Although this may seem natural, this isn’t always the shift that occurs.


For example, sometimes when a method becomes popular, it sort of becomes a means of amassing fame or prestige for its founders. In such situations it becomes more about the persons, rather than about the methods.

Instead of facilitating the further development of the method, their role may even shift to policing who is and who isn’t allowed to contribute to its development.

Fortunately, instead, Intervention Mapping was generously nurtured by its founders.


As a consequence, Intervention Mapping has steadily kept improving over time. One testament to these changes are the way the main terms changed over time.

For example, “change objectives” (the very specifically formulated psychological constructs that an intervention targets) were originally called “learning objectives”; and “environmental conditions” were originally called “external determinants”.


Now, around thirty years after its inception, the IM protocol is used and taught all over the world - and its founders have retired.

This year, 2023, marked the last time Guy Parcel made the trip from Houston to Maastricht to co-facilitate the Intervention Mapping Summer School.

To celebrate this moment, co-founder Gerjo Kok asked the core group of people involved in IM to ensure we could attend the Summer School’s closing ceremony.


Although some of us tutored a group, others (like me) only gave a lecture (for a very old recording of that lecture, see https://youtu.be/BuOkDTo4vA0), so Sarah (Stutterheim) and me had a ☕ first to ensure we’d be on time, and at 12:00 started awkwardly standing outside the lecture hall, as one does 😬

Mariëlla (Muermans) joined us and Gerjo let us in. We joined while students asked questions about using IM in the real world (very relevant questions; this was clearly an excellent cohort).


When all questions had been asked, Gerjo took “the stage”, after having asked me to collect a “fragile” box from outside and bring it to the front of the room.

Gerjo then started his presentation, reminiscing about the stained glass artwork of the IM logo that the IM founders had commissioned years earlier, and then moving on to show and describe the new artwork to commemorate the present occasion.


A photograph of a merle stone cube with an aluminum red star on it with the text 'esteemed contributor to intervention mapping' on it.


This art is special partly because it was created by Nora Oosting. Nora was the partner of Herman Schaalma, a cherished Intervention Mapping expert who passed away in 2009.

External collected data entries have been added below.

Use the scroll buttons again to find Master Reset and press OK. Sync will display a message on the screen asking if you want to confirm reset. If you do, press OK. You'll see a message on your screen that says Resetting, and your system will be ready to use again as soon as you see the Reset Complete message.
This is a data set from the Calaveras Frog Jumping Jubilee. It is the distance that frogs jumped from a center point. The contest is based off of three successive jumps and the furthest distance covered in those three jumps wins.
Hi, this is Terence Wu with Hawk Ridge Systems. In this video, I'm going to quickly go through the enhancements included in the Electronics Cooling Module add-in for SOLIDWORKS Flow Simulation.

In addition, it perfectly symbolizes the joint development of IM. The star figures prominently in both the Texas and the Maastricht flag. Finally, the base is made of merle, a type of stone common in the Maastricht region, and the star is made of aluminum, a metal that has long been produced in Texas.


It looked amazing and was very well thought through, so everybody was very impressed.

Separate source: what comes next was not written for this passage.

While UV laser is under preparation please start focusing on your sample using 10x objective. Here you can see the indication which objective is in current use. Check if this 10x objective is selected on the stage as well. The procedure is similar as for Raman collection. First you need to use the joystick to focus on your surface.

This is when the twist happened: Gerjo announced that in fact this occassion was where the three authors of the original IM book (2001) that were present, Guy Parcel, Nell Gottlieb, and Gerjo Kok, symbolically “handed the Intervention Mapping keys” to “the next generation”.


Us “the next generation” (TNG) people didn’t see this coming, and it took a while to sink in through our baffled states.

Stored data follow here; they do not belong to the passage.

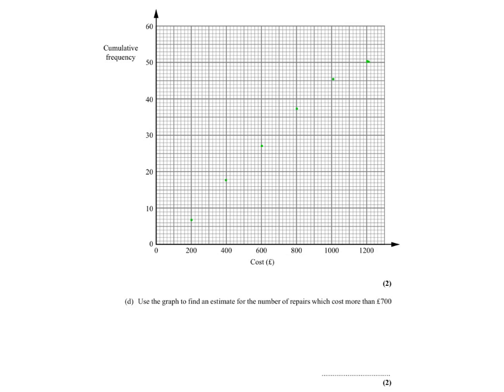Now that I have all my points I can draw a cumulative frequency graph that would look like this. It's like an S shape, a less than curve.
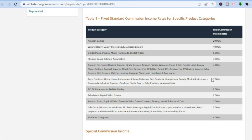While Amazon's commission is not high, their affiliate program is so popular for a few reasons. First, Amazon is a trusted brand, so persons are more likely to trust it, click on the link, and make a purchase. Second, their cookie lasts for up to 30 days.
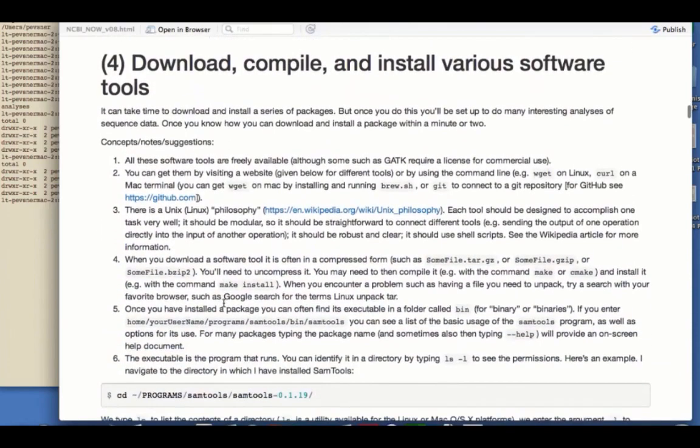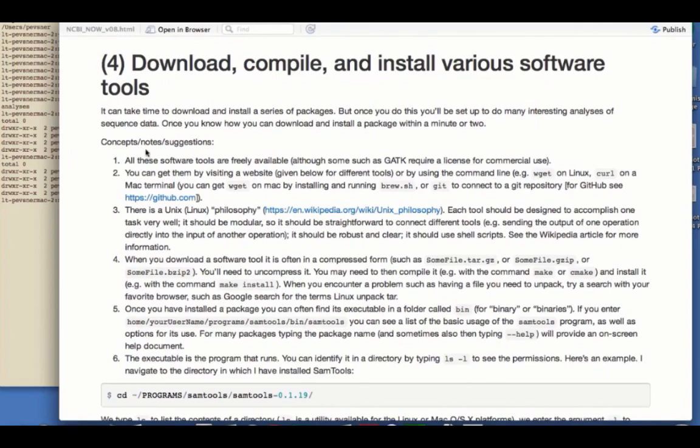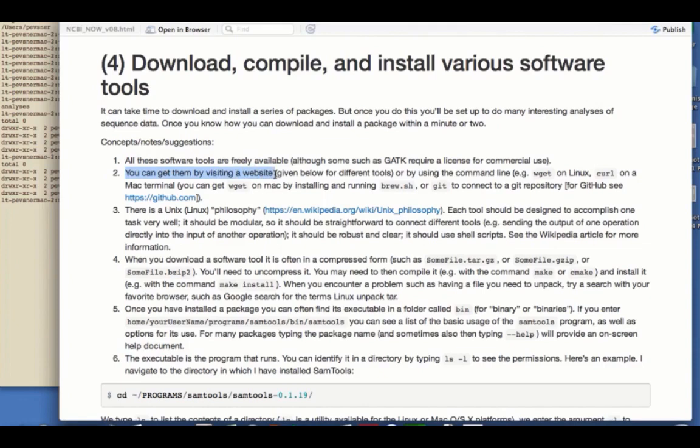Let's go now to one of the basic things we need to know how to do, and that's to download, compile, and install various software tools. It can take some time to do that, but once you learn how, you can do many of them really easily. Here are some ideas before we get started. First off, all these tools are freely available, although in some cases, such as GATK, you may need a license for commercial use. You can access these simply by going to a website, and then you can go with a command like wget on Linux or curl on a Mac to download files on the command line. Or you can, if you'd like, install and run brew.sh. You can use a Git repository to go to GitHub, a major repository of software tools. You can also download from a website, and on a Mac, the software is downloaded to your downloads directory. From there, you can move it around, unpack it, and use it as needed.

This twist nicely reflects the attitude that characterizes the IM founders. Their focus on passing on the method and including others in the community, rather than on themselves, helps Intervention Mapping to flourish.

As for us TNG people, I think we were all simultaneously proud and humbled.
For my part so much so that I decided to write this somewhat awkward toot thread / blog post to memorialize this occasion – but also to take a moment to reflect on how remarkable it is that Gerjo, Guy, and Nell (and Nora) made this moment about others rather than themselves.

This way, the closing ceremony highlighted the community that has grown around Intervention Mapping, and of which we (well, I at least) were hardly aware until that Friday.

It showed the fertile ground for further growth, emphasizing the potential for the future, to work towards more effective health promotion in an ever expanding community.